Here I analyse a karate
dataset taken from
wikipedia.
Short story: the dataset has too many degrees of freedom to be easily
analysed with hyper2 and Zermelo’s iteration scheme as implemented
by the BradleyTerry package exploits the special pairwise structure
of the likelihood function very effectively.

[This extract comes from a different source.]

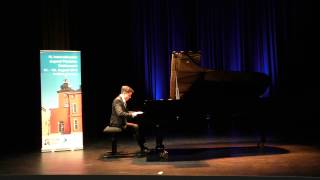 2014 Troisdorf International Piano Competition Robert BilyChopin Etude Op10 No8 [upl. by Maleen]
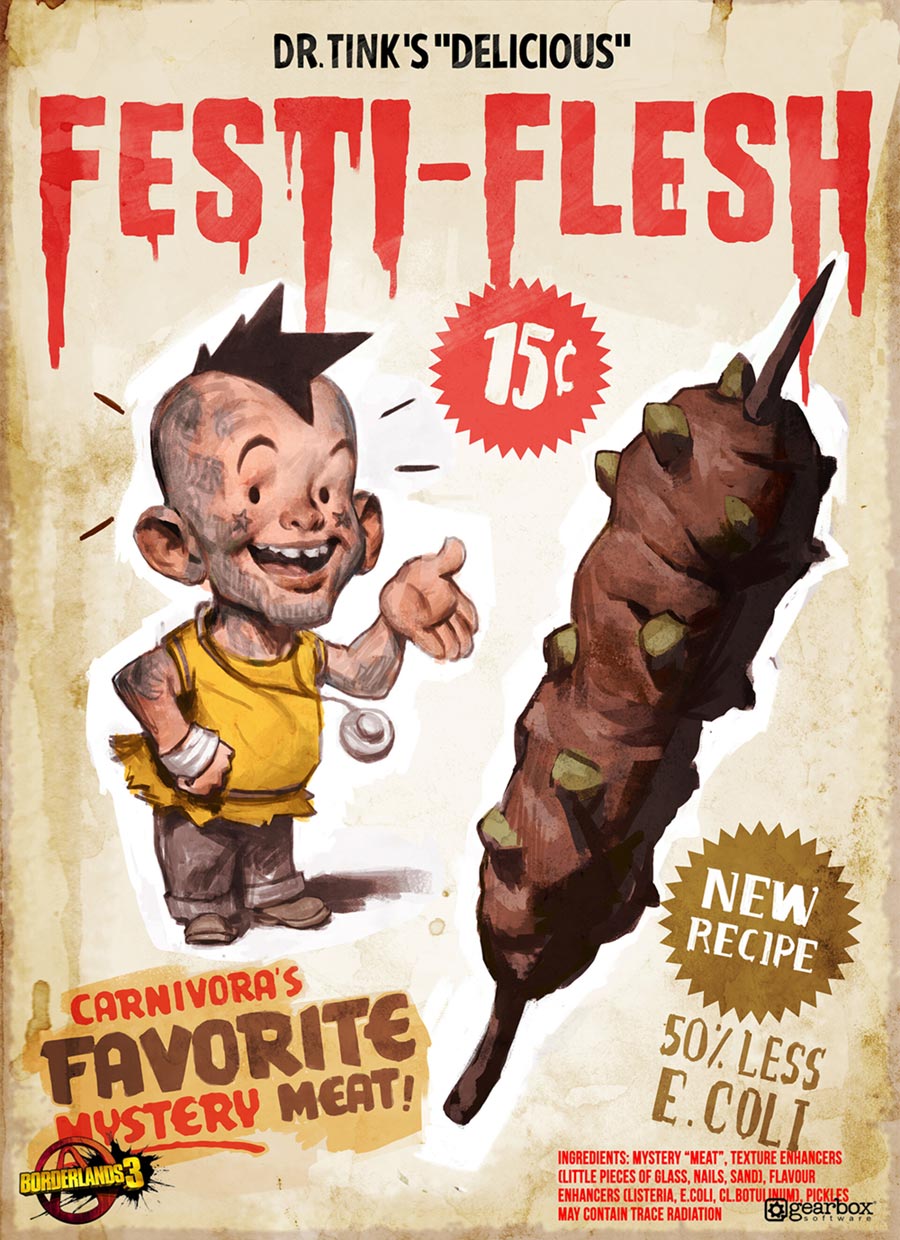 Festi Flesh Art from Borderlands 3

karate_table <- read.table("karate.txt",header=TRUE)
head(karate_table)
## karateka1 wins1 karateka2 wins2 group
## 1 figueira 5 dacosta 6 finals
## 2 velozo 1 figueira 3 semifinal
## 3 dacosta 2 derafshipour 0 semifinal
## 4 rosiello 2 sabiecki 0 repechage
## 5 rosiello 3 tadissi 3 repechage2
## 6 ferreras 0 zakaria 3 repechage2
Converting it to a likelihood function is straightforward:
karate <- hyper2()
for(i in seq_len(nrow(karate_table))){
p1 <- karate_table$karateka1[i]
p2 <- karate_table$karateka2[i]
w1 <- karate_table$wins1[i]
w2 <- karate_table$wins2[i]
karate[p1] %<>% inc(w1)
karate[p2] %<>% inc(w2)
karate[c(p1,p2)] %<>% dec(w1+w2)
}
summary(karate)
## A hyper2 object of size 82.
## pnames: akondzo alhadharim alkhathami almasatfa avila balcius bodrovs bouakel catro cenaj cheung dacosta daraghma delgado derafshipour dimitrov diouf elsawy ferreras figueira fillies galvez gidakos gill gordillo gorenc gudmundsson gutierrez hasanov hodzic hollowood homola jihwan joksic karkkalainen kavanagh khani krautsou kuhn limam lindelauf loannides maresca matthiasen mendez mertel mora muratov murtazaliev narkiniemi ngamphuengphit nievas noriega nyoni oneil pak pataridze petkov pokorny poshen povrzenic rodionov rodriguiez rolle rosiello sabiecki sawadogo shafei sharma shinohara sijercic suleimani tadissi tawfik teodorescu thomas toli uygur uzakov velozo zakaria zhiwei
## Number of brackets: 147
## Sum of powers: 0
##
## Table of bracket lengths:
## 1 2
## 61 86
##
## Table of powers:
## -13 -11 -10 -9 -8 -7 -6 -5 -4 -3 -2 -1 1 2 3 4 5 6 7 8
## 2 1 1 6 8 1 4 11 17 10 8 17 8 11 9 4 6 2 4 2
## 9 10 12 16 17 18 19 20 31
## 3 3 1 2 2 1 1 1 1
In the summary above (in the summary of bracket lengths), we see how the likelihood function comprises only singletons [which appear on the numerator] and pairs [on the denominator].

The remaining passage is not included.